Como muchos mineros del pueblo, Carlos vive en Santa Fe de Antioquia, donde sus habitantes han salido a protestar en las noches para ahorrarse el solazo. Algunos mineros alquilaron allá –o en Giraldo– porque es más barato y hay fincas con piscina, y se emborrachan, hacen bulla y a veces incluso lavan el material y joden las tuberías.
—Uno se queda sorprendido de la cantidad de gente que hay acá. Nada más ayer en el desalojo que hicieron, calculábamos por ahí treinta ranchos, y póngale a esos treinta ranchos de a siete. Desalojaron por ahí a 250 personas ayer—le dice Carlos a Jorge mientras el ventero sigue la conversación con interés.
—Los sacan hoy y la semana entrante están ahí otra vez —dice Jorge.
—Nooo, por la noche están haciendo ya, como si no hubiera pasado nada. Después Carlos cuenta que tiene casa en Segovia gracias al tipo que lo trajo a trabajar a Buriticá, un inversionista de San Román, y dice que a la minería informal debe esa riqueza.
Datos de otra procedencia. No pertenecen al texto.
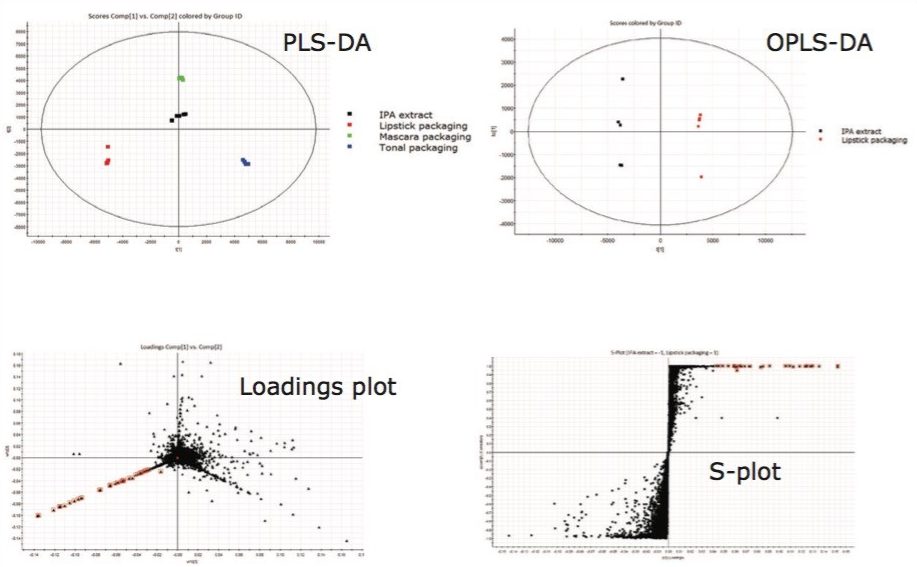 Figure 5. Example of statistical plots provided with UNIFI’s multivariate analysis tools.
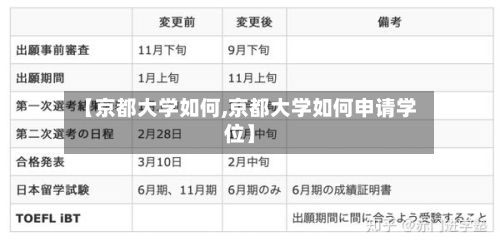 【京都大学如何,京都大学如何申请学位】-第2张图片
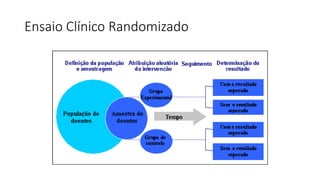 Ensaio Clínico Randomizado
 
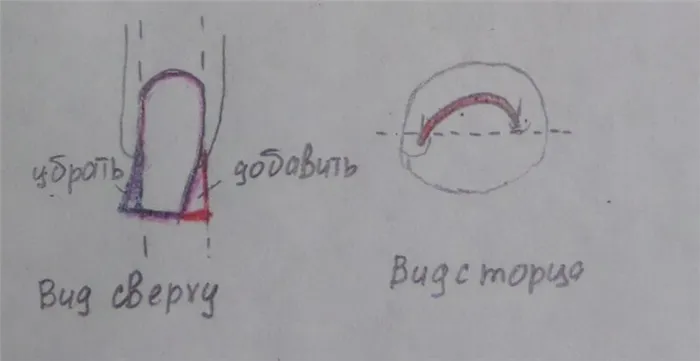 Коррекция ногтей: что это такое и как сделать 4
—En ese entonces era informal, ya ahora es criminal…
—Es que trabajar legal es muy costoso—comenta Jorge.
—Trabajar legal es el mejor negocio del gobierno. Mejor dicho, si usté va a hacer minería es porque tiene plata. Ellos lo que no quieren es que un pobre se ponga a inventar haciendo minería.
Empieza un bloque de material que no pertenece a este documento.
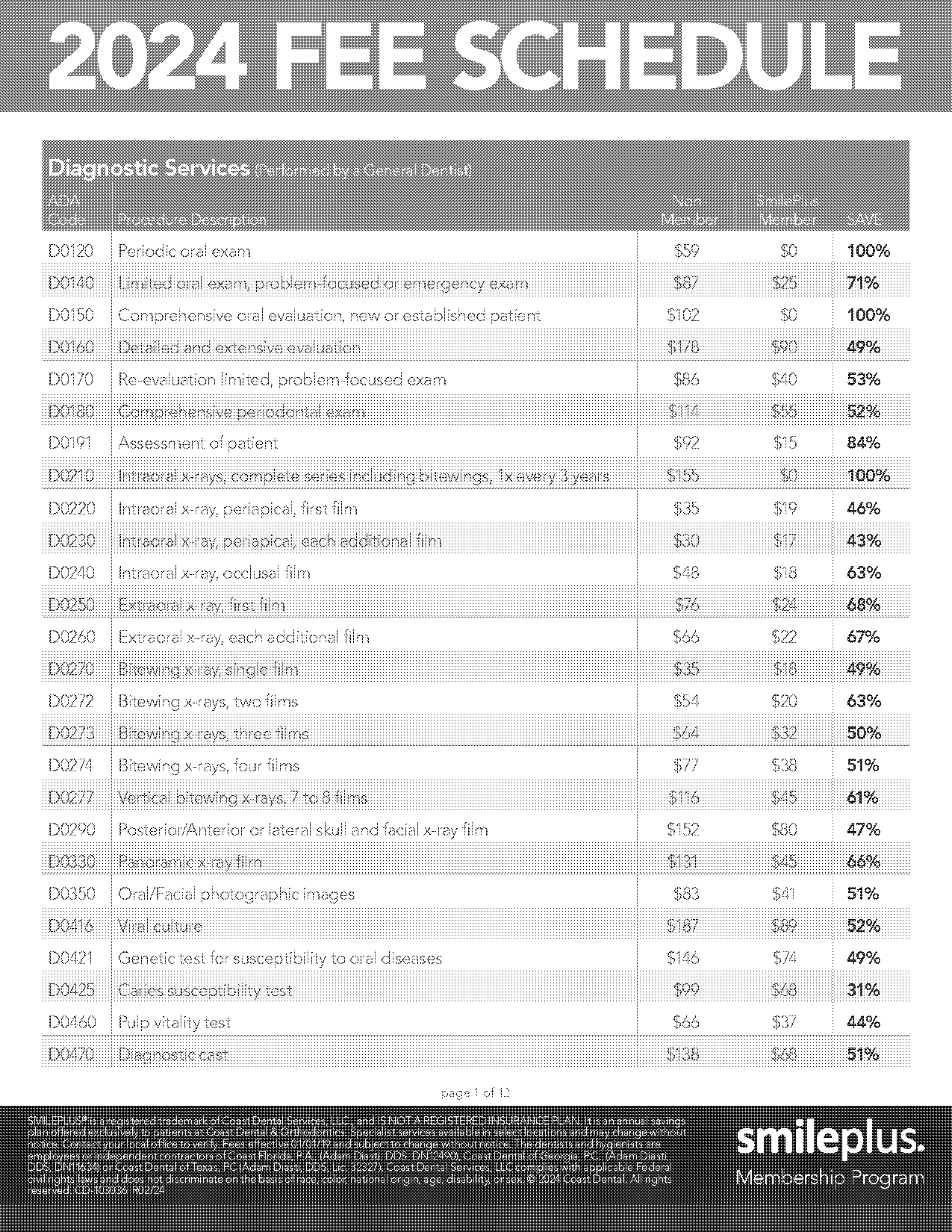 blank dental fee schedule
Ahora bajamos a la mina por una senda muy empinada, desde la entrada de un prostíbulo al que intentaría entrar esa misma noche; enfrente, hasta donde el ojo alcanza, se ven muchas bocaminas –se calcula que hay entre 200 y 300– cubiertas con plástico y tela verde, y al lado de cada una ríos de roca que se desparraman montaña abajo, material estéril que los informales llaman “descargue” y arrojan en los cauces de las quebradas de la vereda; según Corantioquia, en una de ellas el descargue ya cubrió por completo la corriente.
El descenso dura más o menos veinte minutos, en cruce con mulas de cuyas coces hay que cuidarse, nubes de polvo que se te entran por ojos y nariz, polvorientos mineros de polvorientas botas, negocios de tablas y la misma tela verde y, antes de llegar, un par de entables donde procesan el oro (aunque la mayoría están abajo del casco urbano).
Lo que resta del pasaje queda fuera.